WHAT TO PRODUCE:
Leave every image out, and print the remaining lines below exactly.

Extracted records
================================
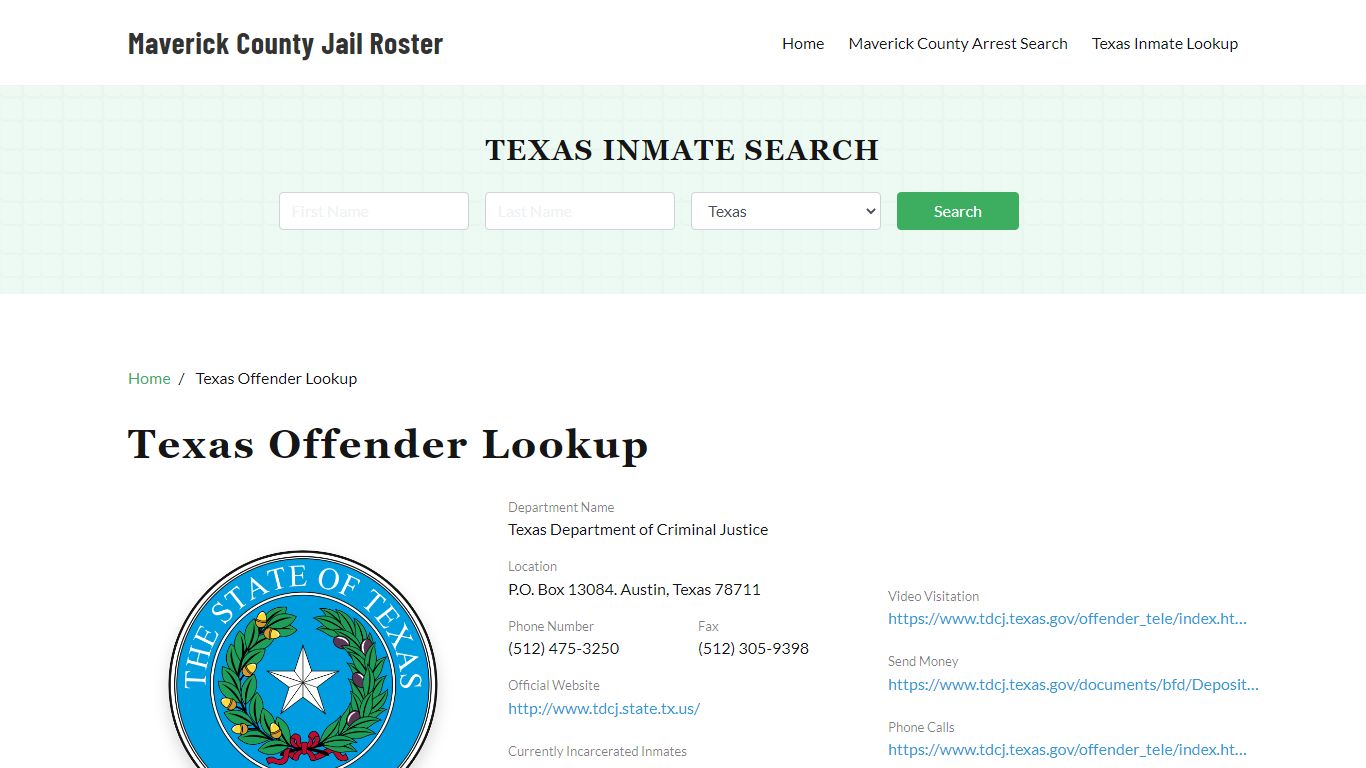 Texas Inmate Search, Jail Rosters - Maverick County Jail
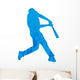 Grungy Baseball Player Wall Decal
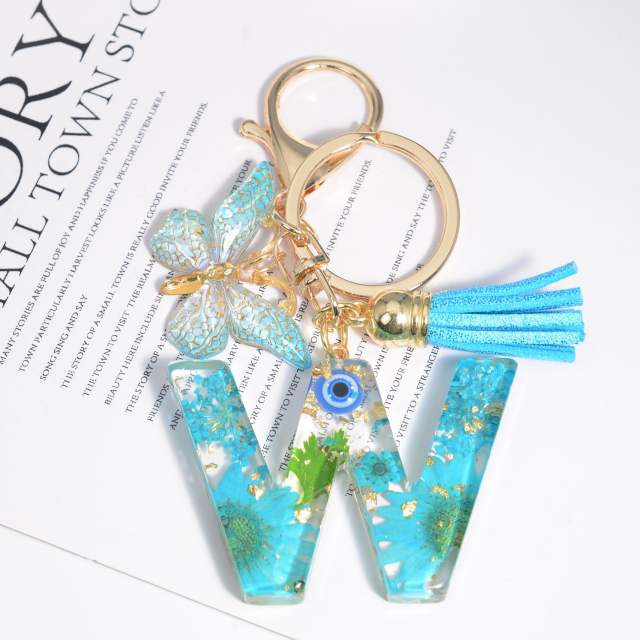 Spring blue daisy flower butterfly acrylic initial letter keychain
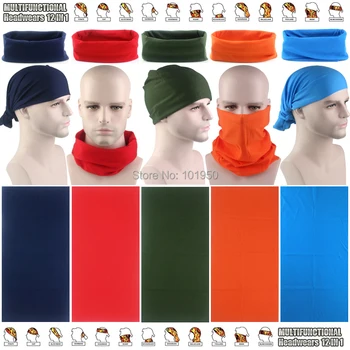 

100pcs/lot Wholesale Various Pattern Outdoor Sports Tube Elastic Seamless Plain Bandana Solid Multifunctional Headwears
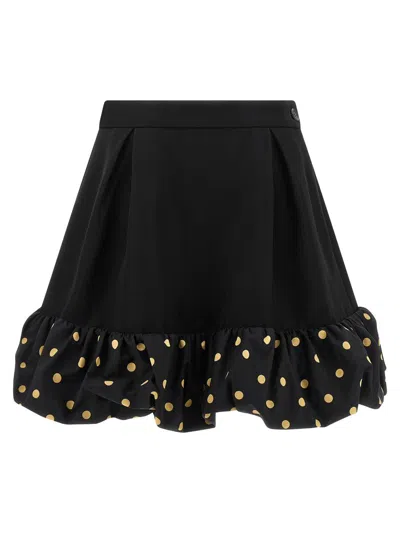 Moschino Polka Dots Wool Blend Diagonal Miniskirt In Black
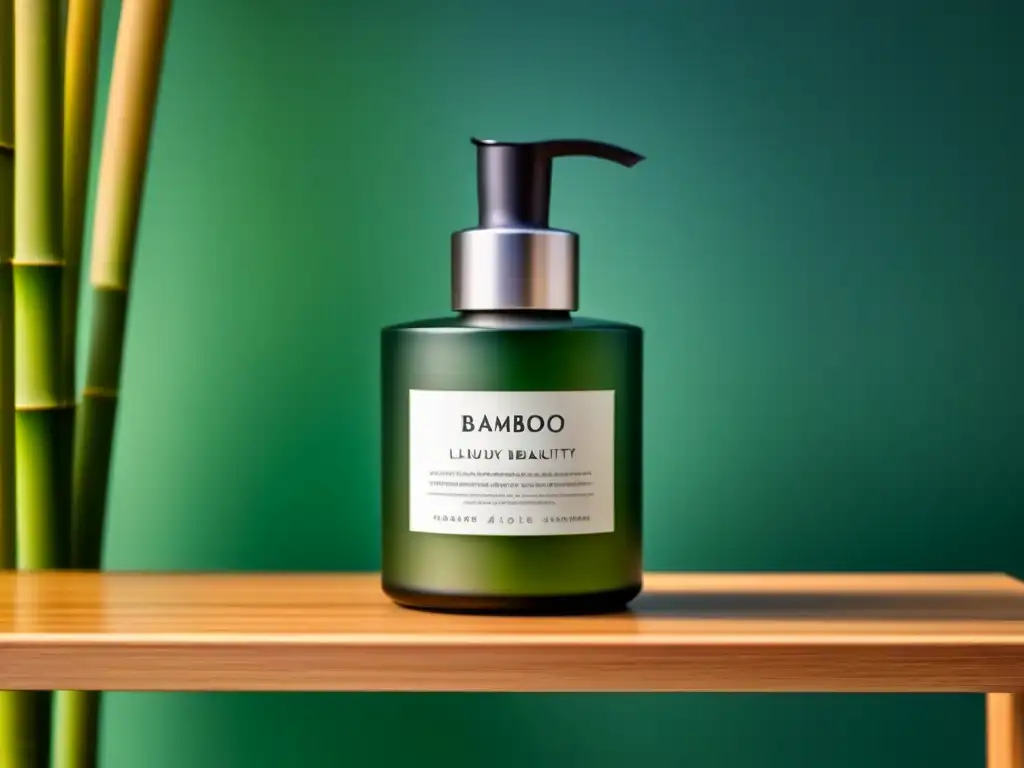 Producto de belleza ecológico en elegante envase sobre estante de bambú sostenible, transmitiendo sofisticación y conciencia eco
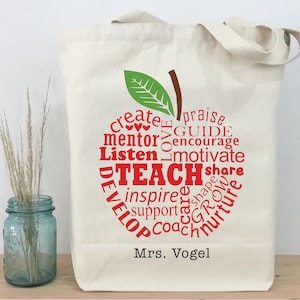 Teacher Tote, Personalized Teacher Gift, Teacher Appreciation Gift, End of School Year Gift, Teacher Book Tote, Back to School Teacher Gift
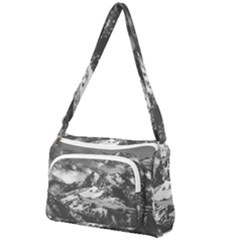 Black And White Andes Mountains Aerial View, Chile Front Pocket Crossbody Bag by dflcprintsclothing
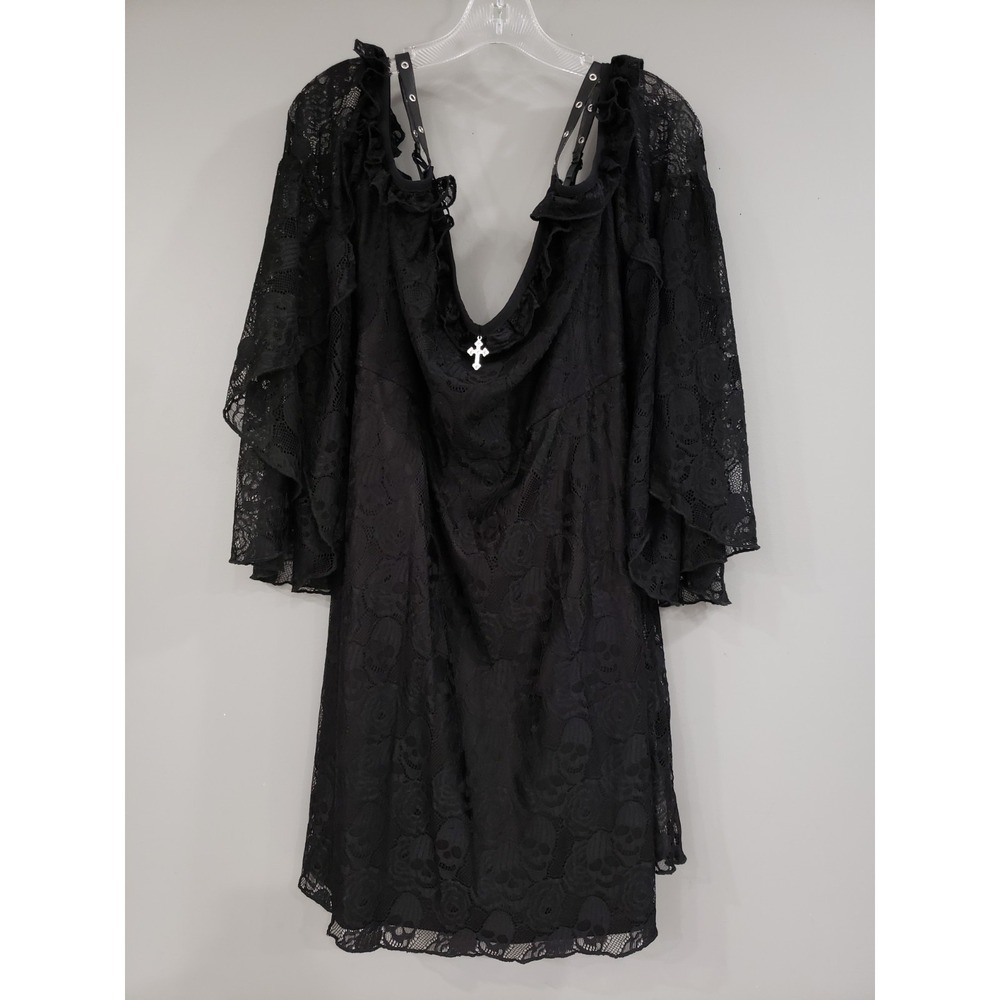 NEW PLUS SZ 3 - 22/24 Hot Topic Dress Black SKULL LACE COLD SHOULDER MINI GOTHIC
================================
REPLY:
 Texas Inmate Search, Jail Rosters - Maverick County Jail
 Grungy Baseball Player Wall Decal
 Spring blue daisy flower butterfly acrylic initial letter keychain

100pcs/lot Wholesale Various Pattern Outdoor Sports Tube Elastic Seamless Plain Bandana Solid Multifunctional Headwears
 Moschino Polka Dots Wool Blend Diagonal Miniskirt In Black
 Producto de belleza ecológico en elegante envase sobre estante de bambú sostenible, transmitiendo sofisticación y conciencia eco
 Teacher Tote, Personalized Teacher Gift, Teacher Appreciation Gift, End of School Year Gift, Teacher Book Tote, Back to School Teacher Gift
 Black And White Andes Mountains Aerial View, Chile Front Pocket Crossbody Bag by dflcprintsclothing
 NEW PLUS SZ 3 - 22/24 Hot Topic Dress Black SKULL LACE COLD SHOULDER MINI GOTHIC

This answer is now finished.